Faktycznie komunikacja miejska w Wigilię funkcjonuje zupełnie inaczej niż na co dzień.

- W stosunku do normalnego dnia powszedniego jest mniej kursów o ok. 28 proc. - mówi Marek Gancarczyk, rzecznik prasowy Miejskiego Przedsiębiorstwa Komunikacyjnego w Krakowie.
Mniejsza liczba kursów to efekt wcześniejszych zjazdów do zajezdni (ok. 16-18) oraz zawieszenia i zmniejszenia częstotliwości niektórych linii przez cały dzień.
Gancarczyk przypomina, że jak każdej nocy również z 24 na 25 grudnia funkcjonuje komunikacja nocna.
Wielu pracowników MPK nieraz spędzało Wigilię w pracy. Dla Krzysztofa Hajduka, od 1981 r. kierowcy Miejskiego Przedsiębiorstwa Komunikacyjnego w Krakowie, to nie pierwszyzna.
Pewnej Wigilii wsiadł za kółko autobusu i wyjechał na trasę ok. godz. 15. Pamięta, jak na zewnątrz robiło się coraz ciemniej. Ulice cichły.
Pasażerów ubywało. Pan Krzysztof od czasu do czasu spoglądał przez szybę swojej szoferki w rozświetlone okna krakowskich bloków. W niektórych z nich widział, jak rodziny zasiadają do kolacji wigilijnej. Było mu trochę przykro, że sam nie może spędzić tego dnia w gronie najbliższych.
- Pasażerowie są w tym dniu bardziej życzliwi. Mniej się spieszą. Niektórzy, kiedy wychodzą, składają życzenia - opowiadał nam pan Krzysztof.
O tym, że Kraków jest w okresie zimowym i świątecznym innym miastem, świadczą też dane, jakie przesłali nam przedstawiciele miejskich wodociągów.

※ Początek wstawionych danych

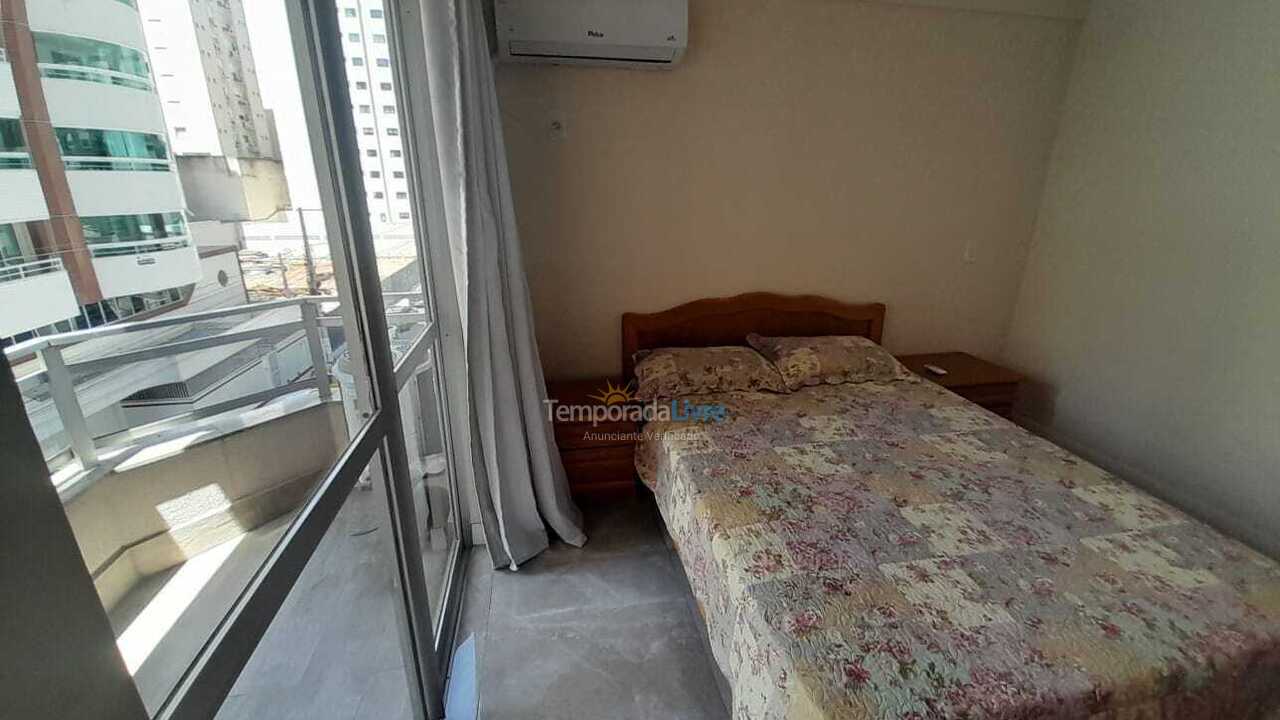 Apartamento para alquiler de vacaciones em Itapema (Meia Praia)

- Sprzedaż wody w grudniu jest nieco większa niż w miesiącach poprzednich, ale nie są to wartości bardzo odbiegające od średniej. Ciekawe jest to, że od kilku lat w grudniu jest zużywane coraz więcej wody porównując rok do roku - zauważa Robert Żurek, rzecznik prasowy Miejskiego Przedsiębiorstwa Wodociągów i Kanalizacji.
I tak np. trzy lata temu odnotowano sprzedaż wody na poziomie minimalnie ponad 4 mln metrów sześciennych. Tymczasem w minionym roku ta liczba wzrosła: o ponad 144 tys.

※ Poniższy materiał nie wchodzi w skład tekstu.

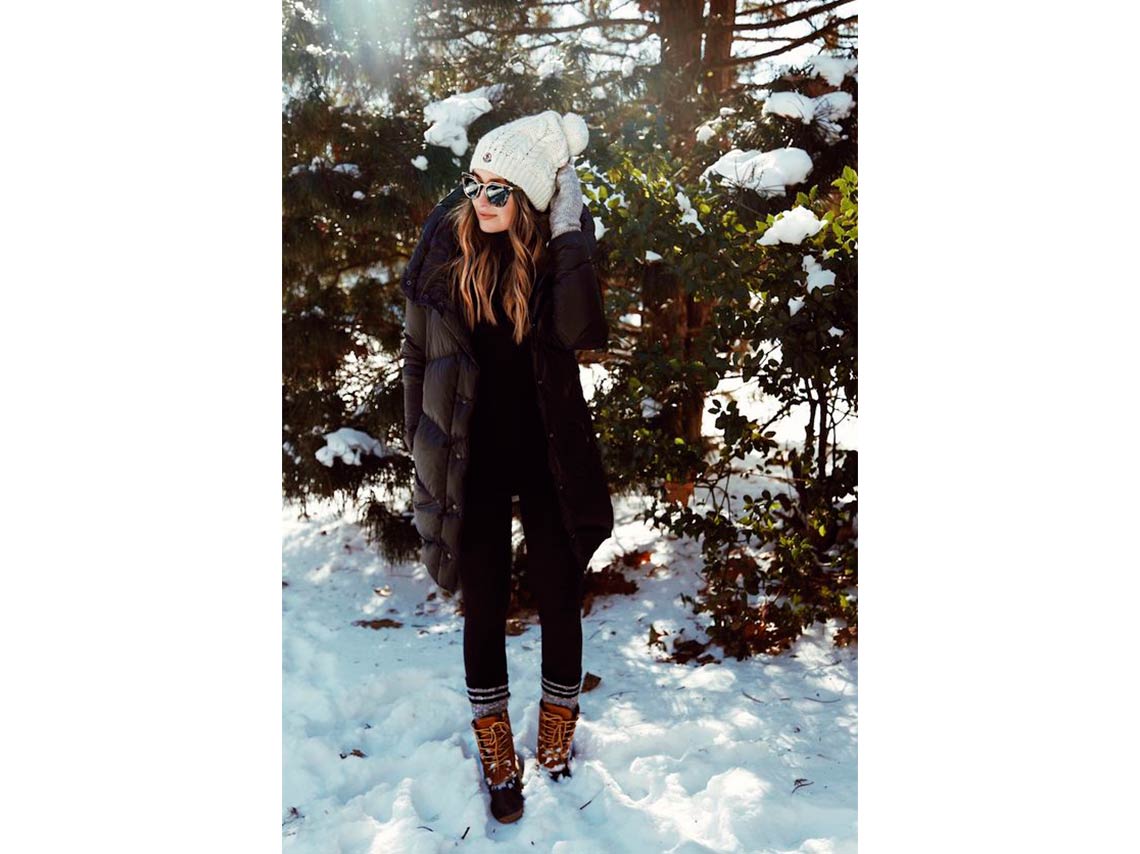 10 outfits con gorros de invierno para verte juvenil 14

Ekipa wodociągów ma dużo pracy, gdy temperatury spadają poniżej zera. Pojawiają się problemy z zamarzaniem przewodów sieci wodociągowej.
- W przypadku silnych mrozów i głębokiego zamarzania gruntu mogą również wystąpić przypadki pęknięć i złamań przewodów wodociągowych - informuje Żurek.

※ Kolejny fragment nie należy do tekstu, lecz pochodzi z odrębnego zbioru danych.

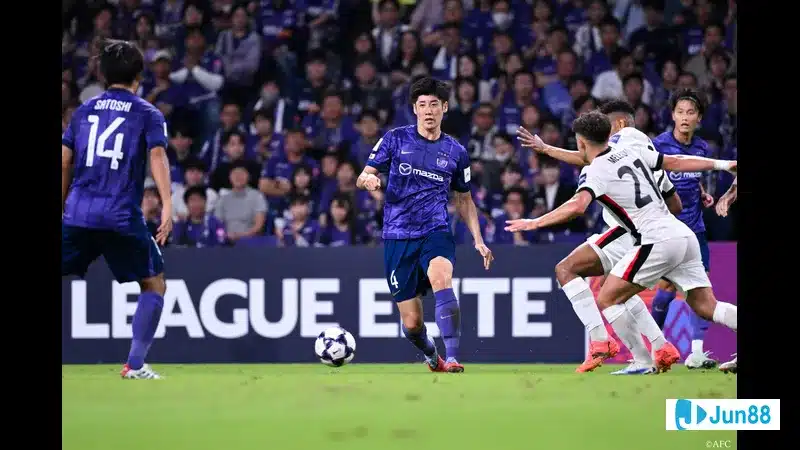 Cầu thủ của Sanfrecce Hiroshima dũng cảm giành bóng khỏi đối thủ Machida Cầu thủ của Sanfrecce Hiroshima dũng cảm giành bóng khỏi đối thủ Machida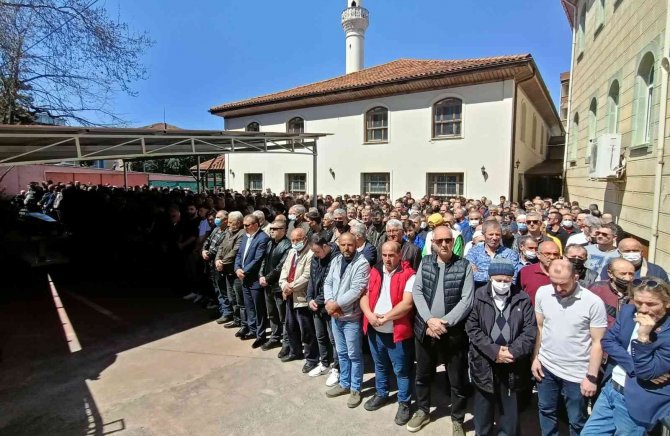 Mhp’li Başkanın Ağabeyi Son Yolculuğuna Uğurlandı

Zauważa jednak, że w ostatnich latach nie mieliśmy do czynienia z wystąpieniem silnych mrozów czy też dużych opadów śniegu. Tak może być i tym razem, gdyż w Wigilię szykują się plusowe temperatury.

Aby jednak uniknąć problemów z brakiem wody w święta, warto choćby uszczelnić pomieszczenia, w których znajdują się instalacje wodno-kanalizacyjne.